Honorarkonsuln sind jene Vertreter der Republik Österreich, die keinen diplomatischen oder politischen Dauerauftrag haben. Gehalt beziehen sie keines. Es gibt Konsuln, die Visa- oder gar Paßbefugnis haben und andere, die sich nur mit dem Titel begnügen. So ergeben sich große Unterschiede in der Arbeitslast und im Personalaufwand, den der Konsul tragen muß. Naturgemäß bedingen das lokale Kolorit des Konsularsitzes erhebliche Unterschiede im Aufwand, und vieles, was der Konsul tut, ist seinem Instinkt, seiner Arbeitsauffassung und last not least seinem Verständnis für Österreich und speziell die Auslandsösterreicher anheimgegeben.

Wenn es richtig wäre, was H. Wildner in seinem Werk „Die

Technik der Diplomatie“ angibt, könnten die dem Honorarkonsul erwachsenden Spesen wenigstens teilweise aus den „anfallenden Gebühren“ gedeckt werden.

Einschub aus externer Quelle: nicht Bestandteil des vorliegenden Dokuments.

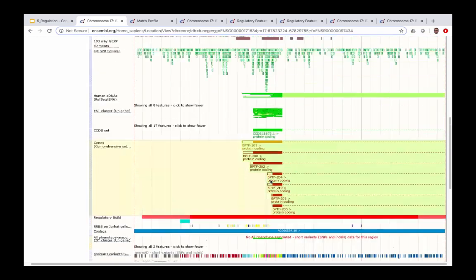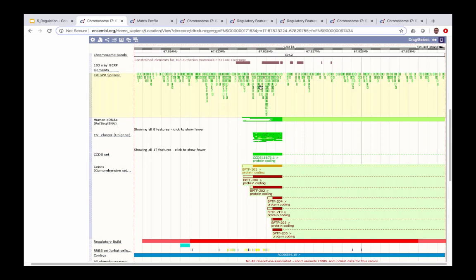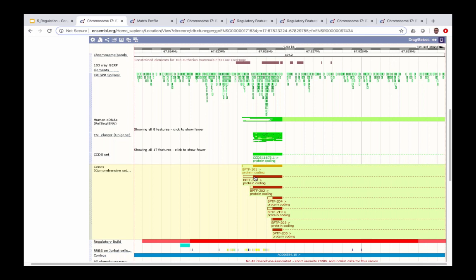For the reverse strand the NGG PAM motifs are too many to display but can be seen by zooming in further. The bold lines at the end of each block represent the NGG PAM motifs, and the empty block represents the 15 base pairs upstream that will form your guide RNA. This helps you identify the exact position where you need to design your guide RNA for your CRISPR experiment.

Das war bisher leider fast nirgends der Fall; vielmehr mußten die Taxen auf einem sehr mühseligen Formularweg nicht an das Bundesministerium für Auswärtige Angelegenheiten, sondern an — das Bundesministerium für Finanzen abgeführt werden. Die Formulare mit dem Geld gaben dem Amtsschimmel in Wien reichlich Futter. Die vorwurfsvolle Anmahnung von zehn Groschen, urgiert aus Wien, war mehr traurig als lustig. Kurzsichtige Naivität aber zieht den Schluß, daß eigentlich so ein Honorarkonsulat eine sehr nützliche Sache ist, die nichts kostet und dem Staat manches einbringt. Man rechnet also mit der oft bewährten Eitelkeit des Homo sapiens und sieht nur so nebenbei die Einstellung der sich offerierenden „Kandidaten“ zu Österreich wie es war und ist. Es fehlt nicht an solchen, die bereit sind, um des begehrten Titels willen hohe Kanzleikosten und „Repräsentation“ zu tragen und zur Entlastung der konsularischen Büros der Gesandtschaften oder Botschaften sowie der Amtskonsuln beizutragen. Am Ämterverkauf im Sinne gewisser kleiner Uberseestaaten, deren „Konsuln“ sogar die Diplomatie ihrer Staaten finanzieren, denkt man in Österreich, Gott sei Dank, nicht. Aber wiegt der relativ kleine Nutzen die großen Nachteile eines so willkürlichen, ja geringschätzigen Einsatzes unserer Konsulate auf? Können österreichische Konsulate nicht besser, planmäßiger besetzt, mit neuzeitlichen Funktionen ausgestat tet und zur wirksamen Vertretung der kulturell und wirtschaftlichen Interessen Verwendung finden? Könnte dadurch nicht auch manches Ministerium entlastet oder gar entrümpelt, manche Botschaft oder Gesandtschaft entlastet werden? Gäbe es nicht neue Wege zur Heranziehung erstklassigen Nachwuchses für die österreichische Diplomatie? Noch mehr: Könnte nicht für eine große Anzahl fähiger österreichischer Akademiker eine Berufschance von hohem Reize eröffnet werden? Wir wollen sehen.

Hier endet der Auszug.